A fase da vida retratada em “Close” é típica em conflitos, autoafirmação, fofocas, questionamentos e brigas. Momentos de ebulição.
Justamente a proximidade e o grude de Rémi e Léo que vão surgindo algumas perguntas mais capciosas: em certo trecho, alguém dispara se eles são um casal. A atenção voltada para eles causa reações diferentes: enquanto um se fecha e se retrai, o outro nega com todas as suas forças.
Léo (vivido pelo ator mirim Eden Dambrine) busca sair do clichê afetivo e começa a treinar hóquei sobre o gelo, um esporte viril e combativo. Depois passa a ir sozinho à escola, sem esperar Rémi.
Em situações de mais convívio social, a proximidade dos dois vai se deteriorando, quando um evita procurar o outro.
Mais fechado de personalidade, Rémi (Gustav De Waele) sente ser ferido. A indiferença toma conta de ambos os lados.
Quando volta de uma excursão promovida pela escola, Léo recebe uma notícia que choca não só a ele como ao espectador da poltrona. Como será que o filme continuará sem a presença do companheiro e amigo? E mais: o filme tem sustentação e fôlego para prosseguir? Essa habilidade vai sendo respondida aos poucos. É um dos trunfos de “Close”.
O outro trunfo é mais desconcertante: colocar Léo como uma personagem de aparência andrógina. É possível se questionar por dentro, pois o recurso das imagens feitas de perto permite confundir os olhos; a semelhança com o sexo oposto é insinuada, provocativa, maliciosa. Mexe com a racionalidade de qualquer um.
Sem saber, Léo vai adquirindo em parte, a postura de Rémi: concentra-se nos treinos de hóquei, evita falar com os colegas de classe e ocupa seu tempo no trabalho de seus pais. Por dentro, sente as dores e os desconfortos da ausência de Rémi. Sentimento partilhado pela mãe desse último, porém com outro enfoque.
Essa coincidência é o denominador comum dos dois até que num desses encontros, Léo resolve se abrir, chocando parcialmente Sophie. Daí o filme toma um ritmo confessional, com pontos altos de extravasamento, de afastamento e de afeição.
Praticamente é um filme constituído por emoções, de cunho e de conflitos psicológicos – o que tem a ver com a adolescência de quase todo mundo, transformando-se numa afinidade entre o contado na tela e a vida real.
Boa parte do filme se concentra em imagens e os diálogos, apesar de ajudarem a explicar ou conduzir a película, fica em segundo plano às vezes.
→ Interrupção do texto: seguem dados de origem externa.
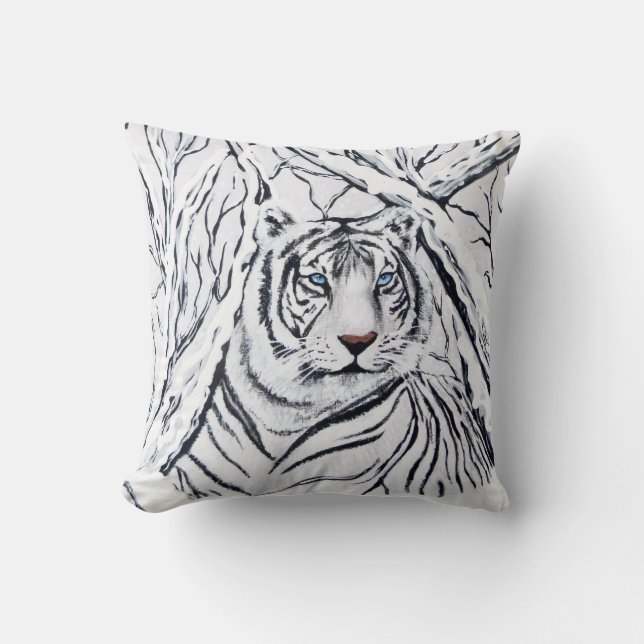 White Tiger Blending In Cushion (Front)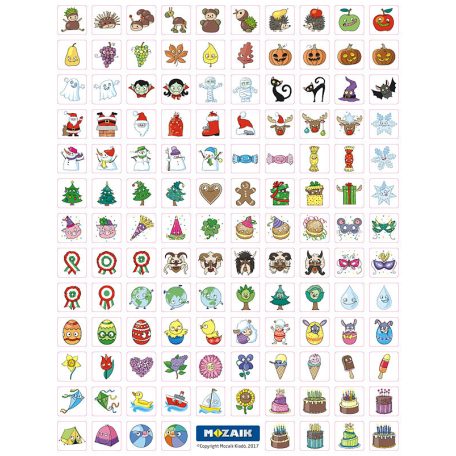 Jutalommatricák 2. Évszakok, ünnepek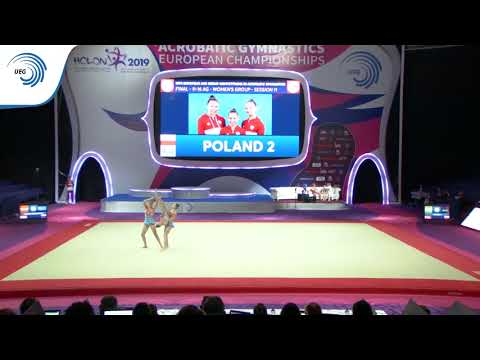 Women's group Poland - 2019 European Age Group competitions, 11 - 16 final
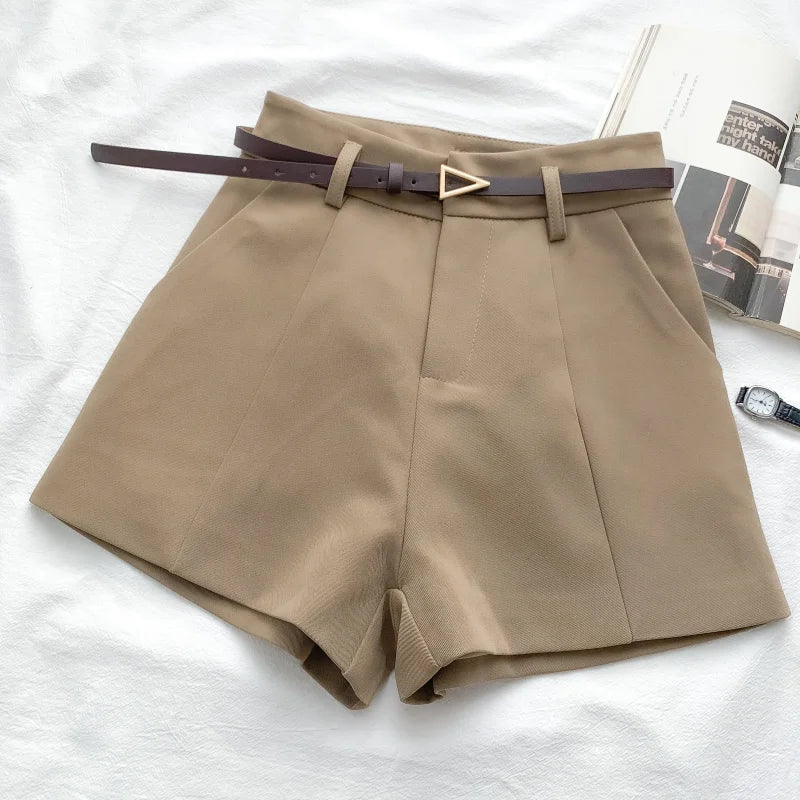 Casual Women's Shorts A-line High Waist Short Chic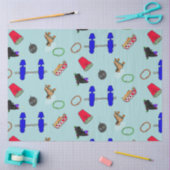 レトロスケートで滑るパーティーティッシュペーパー 薄葉紙 (クラフト)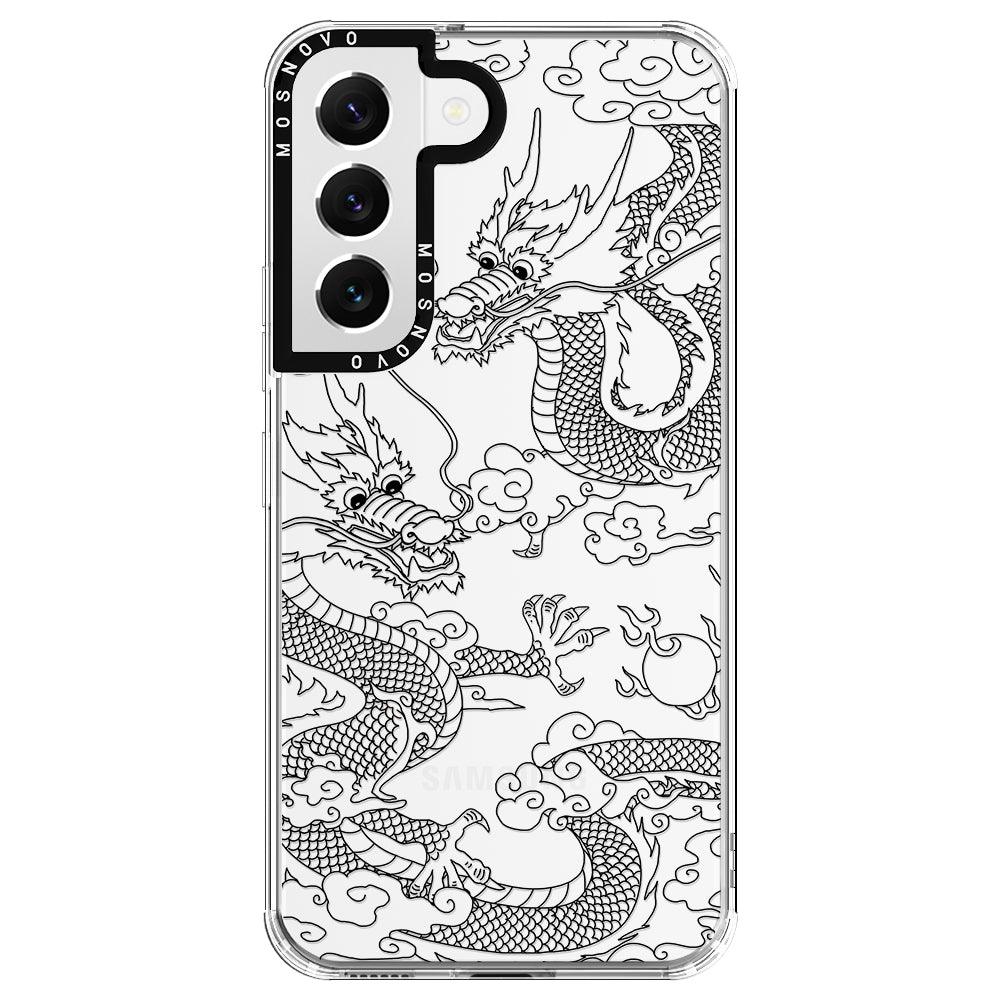 Black Dragon Phone Case - Samsung Galaxy S22 Plus Case - MOSNOVO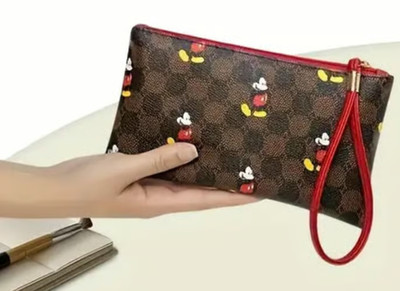 Mickey Mouse Wristlet bag purse RED added Color! Cell Phone, Cosmetics w/ strap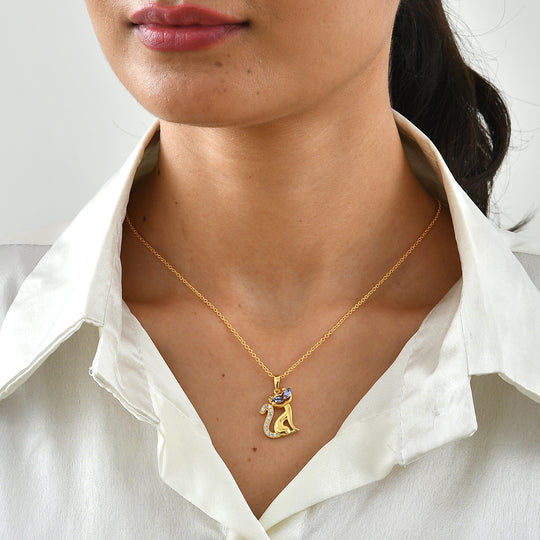 EVER TRUE AA Tansanit, Weißer Zirkon Schmuckset ca. 50 cm ca. 0.58 ct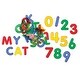 preview thumbnail 1 of 2, edxeducation Transparent Letters and Numbers - Mini Jar - Set of 36 - Multi Multi - Kids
Mais ou menos o contrário do que acontece em produções francesas, as quais são bem prolixas e férteis em falatórios.
O nome é acertado, uma vez que a preferência de Lukas Dhont é retratar o universo de duas pessoas, de duas crianças em movimento e que se gostam. A participação das famílias é realizada de forma secundária, periférica, somente acompanhando o dia a dia dos protagonistas. Mas que compõe a paisagem.
Sabiamente, o roteiro não se torna chato em termos de cenografia porque, em certas ocasiões, é prazeroso ver a corrida de Léo e Rémi pelos campos floridos. Ou de ver estes mesmos campos em contraponto aos momentos particulares dos dois jovens. Não fica monótono.
A estreita relação entre Léo e Rémi e a aparência desconcertante de Léo fazem com que “Close” desperte a dúvida acerca das tendências de cada um. Apesar de sugerir, nada aparece ou demonstre que ambos ou um deles tenham gestos ou atitudes homossexuais. Para o filme, o mais importante é mostrar o vínculo. Um vínculo forte, mesmo que seja visto sob um ângulo suspeito proveniente de seus colegas de escola.
Porém, um dia esse vínculo pode acabar e “Close” transita no espaço que vai da amizade, da cumplicidade e da intimidade para a dor, a raiva, a tristeza e a culpa que marcam os relacionamentos entre amigos e a família desses amigos.
A concentração na figura de Léo mostra como ele demora no período de luto para correr em direção a uma nova fase: a de libertação e de autoaceitação.